ON PARLE, on discute beaucoup de Venise, et c’est bien. Mais on parle peu, trop peu des Vénitiens.
En réalité, non seulement on parle et on écrit sur Venise, mais on agit aussi dans et pour la ville.

Le MoSE : ouvrage cyclopéen, en phase d’achèvement, qui protègera la ville lagunaire des hautes marées exceptionnelles, mais qui, malheureusement, n’exonèrera pas les citadins de porter des bottes, étant donné qu’il n’entrera en action que dans le cas de marées supérieures à 100-120 cm (la place Saint-Marc, par exemple, est inondée à 80-90 cm).

Le pont de la Constitution : appelé par tout le monde « le Calatrava », du nom du célèbre architecte qui l’a dessiné. Beau selon certains, laid selon d’autres, il occupe en réalité une zone de Venise sans le moindre charme. Coûts qui s’envolent à mesure que le temps passe, difficulté à se laisser traverser, ombre jetée sur son galbe par un «châssis» permettant la traversée des personnes à mobilité réduite, il demeure cependant une arche ravissante, et, surtout, parcourue à toute heure du jour par des centaines d’usagers.

Le People Mover (système automatisé de transport public, avec traction par câble) : passage surélevé assez étrange, mais peut-être utile, qui permet à ceux qui veulent rejoindre l’île du Tronchetto, énorme parking, d’arriver aisément à Piazzale Roma et surtout au nouveau Palais de Justice.

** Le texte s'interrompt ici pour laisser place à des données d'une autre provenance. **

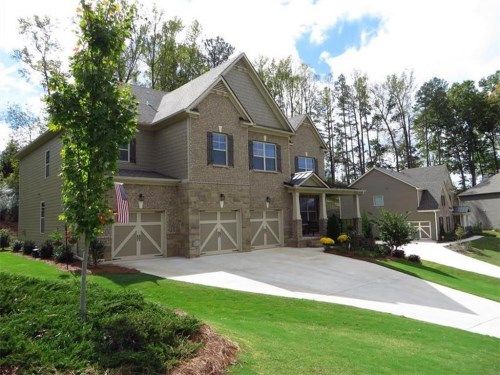 4135 Plaza Drive, Alpharetta, GA 30004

Les embarcadères : exemple discutable d’architecture moderne, au Lido, devant l’église Santa Maria della Pietà, devant les anciens Jardins Royaux. Pas nécessaires, c’est sûr ; opportuns, peut-être, étant donné le flux touristique, mais assurément excessifs. Au Lido de Venise, ils occupent tout l’espace face à la lagune, tandis qu’au piazzale S. Maria Elisabetta, sur lequel on doit débarquer, la restructuration n’est pas achevée ni rendue apte au passage. Sur le Quai des Esclavons, devant l’église qui pour les Vénitiens est « celle de Vivaldi », ils gênent considérablement la vue de l’église à partir de la lagune et celle du Bassin de Saint-Marc à partir de l’église elle-même. Aux anciens Jardins Royaux, ils empêchent, sur une largeur importante, de voir l’île San Giorgio, c’est-à-dire la basilique de Palladio.

Le Fontego dei Tedeschi, palais du XVIe siècle, largement — et fort mal — remanié au cours des siècles, naguère propriété des Postes italiennes et aujourd’hui d’une société du groupe Benetton. Le projet de restauration, signé d’un architecte « archistar » hollandais, prévoyait, sur le toit, une terrasse avec vue sur le Grand Canal. On ne sait pas encore grand-chose de sa réalisation, qui a suscité diverses polémiques.

Le Palais Lumière: projet définitivement avorté. Il aurait impliqué la construction d’un bâtiment d’environ 240 m de haut (plus du double du Campanile de Saint-Marc), sur une zone objectivement dégradée, à Marghera. Mais le palais, programmé par Pierre Cardin — français d’adoption, en réalité, parce que né dans la Marche Trévisane —, tout en suscitant de l’intérêt de la part de quelques groupes de citoyens qui voyaient en lui une occasion de travail pour des milliers d’entre eux, est rejeté par la partie la plus cultivée non seulement de Venise, mais de toute l’Italie. Inoubliable à cet égard est l’intervention de Salvatore Settis à l’Ateneo Veneto. En définitive, on n’a rien fait, plus par impécuniosité que par volonté.